To call for RFPs, a tender board approved by the Cabinet has to be appointed. “We are about to call for RFPs for the $ 500 million Samurai bond. For that, the tender board has to be approved by the Cabinet, and it may take one or two weeks to get through all the administrative procedures before we call for RFPs,” Dr. Coomaraswamy told journalists on the sidelines of the inaugural Sri Lanka Forum of Junior Business Economists Economic Summit.
The Governor expressed hope that they will be able to borrow at below the cost of the recent successful International Sovereign Bond (ISB) issuance, through which Sri Lanka raised $ 2 billion at 6.85% on 5-year tenure, and 7.85% on 10-year tenure.

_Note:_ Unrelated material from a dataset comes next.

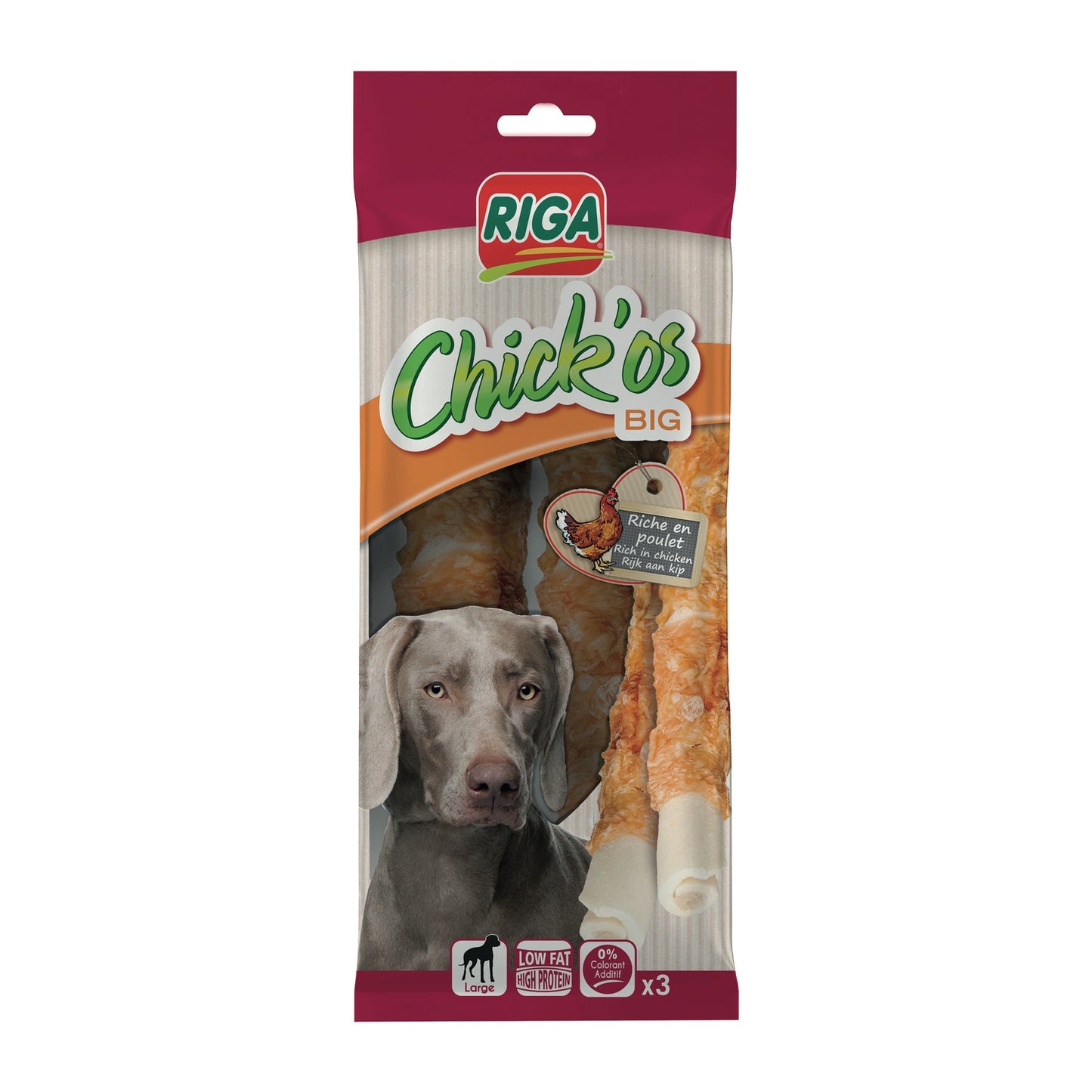 Friandises pour Chien Adulte Poulet Chick'Os Big RIGA 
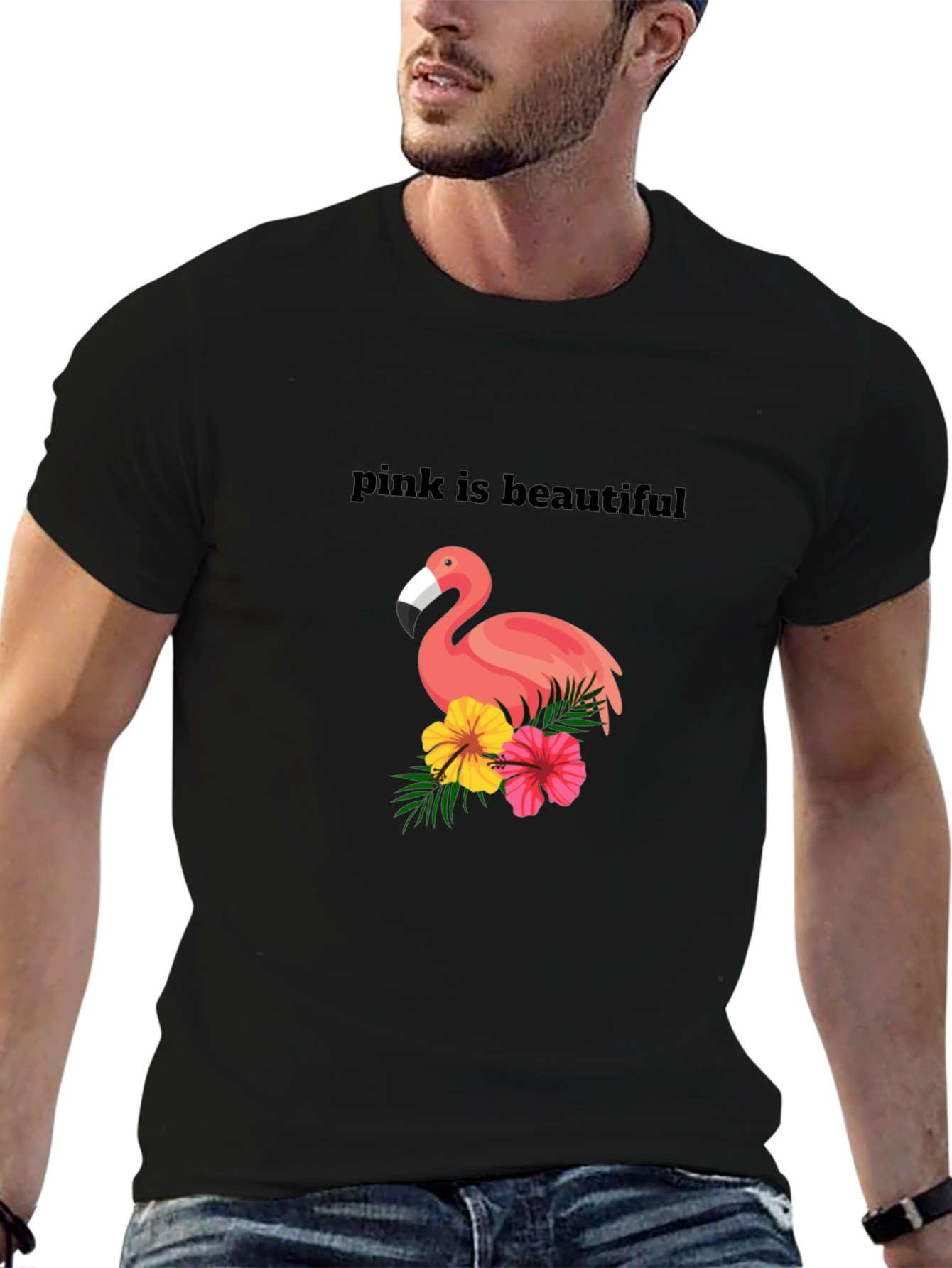 Pink Flamingo Graphic Tee - Unisex Black T-Shirt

The 10-year $ 500 million Samurai bond is to raise funds for debt repayment.
Delivering the keynote address at the summit, organised by the Department of Business Economics Faculty of Management Studies and Commerce of the University of Sri Jayawardenepura, Dr.Coomaraswamy pointed out that despite economic growth remaining low, the macroeconomic fundamentals have improved.
“Macroeconomic fundamentals have improved. The Monetary Board is also in the process of relaxing the monetary policy to support growth,” he added.
According to him, inflation has been maintained at low single-digit levels of about 3.3% on average. However, because of the Easter Sunday terror attacks, the current account deficit has now been revised to 2.6%, which is marginally higher than the original 2.3%.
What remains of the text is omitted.